[Exercise material]
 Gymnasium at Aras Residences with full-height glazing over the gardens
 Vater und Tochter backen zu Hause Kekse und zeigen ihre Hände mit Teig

...

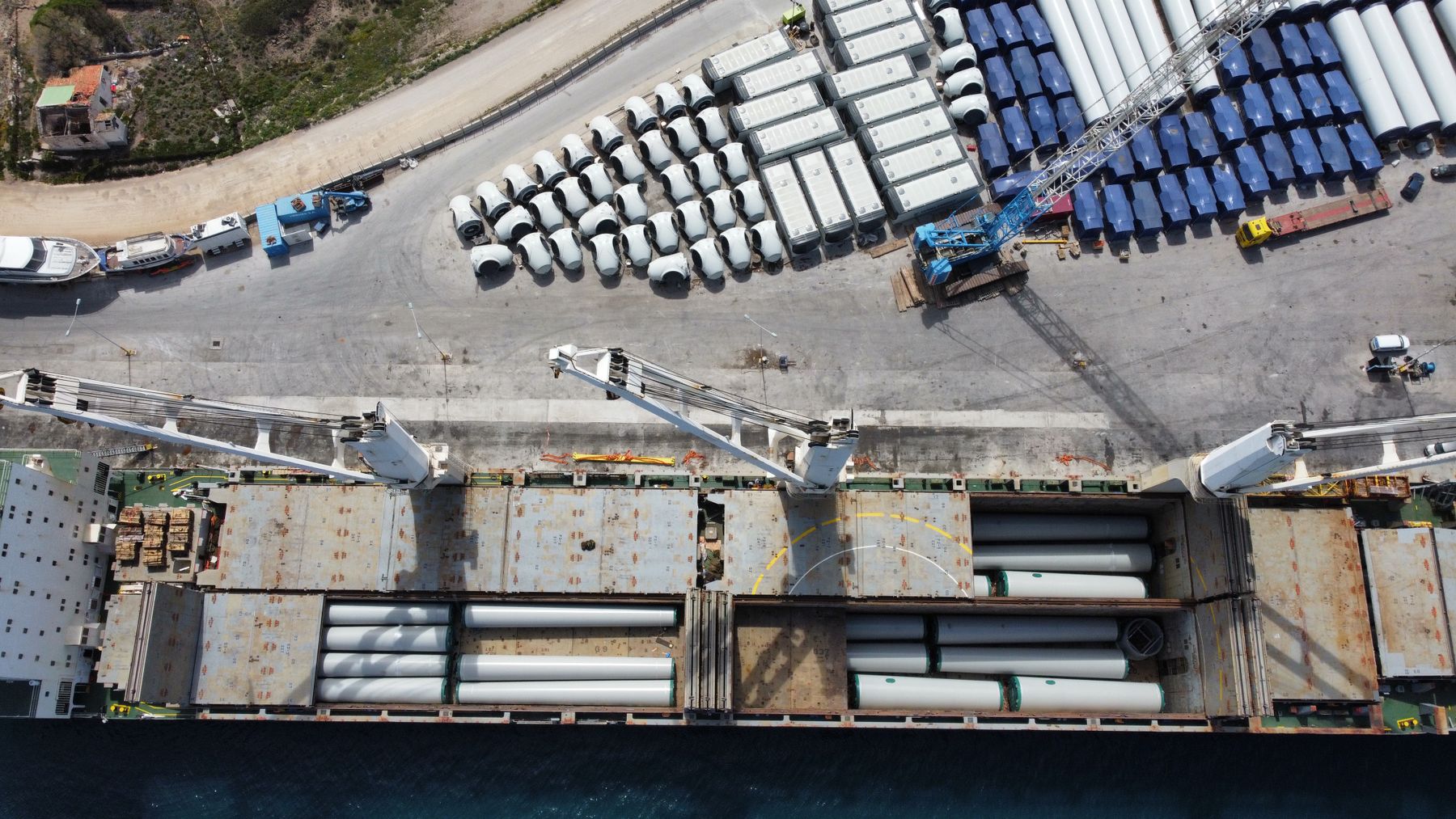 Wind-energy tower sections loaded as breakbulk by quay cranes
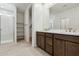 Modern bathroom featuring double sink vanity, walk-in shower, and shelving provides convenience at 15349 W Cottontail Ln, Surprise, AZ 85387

[Your task] Using the listing above, restate exactly the range between the lines holding "Wind-energy tower sections" and "Modern bathroom featuring", inclusive, with pictures left out.

[Answer to this exercise]
 Wind-energy tower sections loaded as breakbulk by quay cranes
 Modern bathroom featuring double sink vanity, walk-in shower, and shelving provides convenience at 15349 W Cottontail Ln, Surprise, AZ 85387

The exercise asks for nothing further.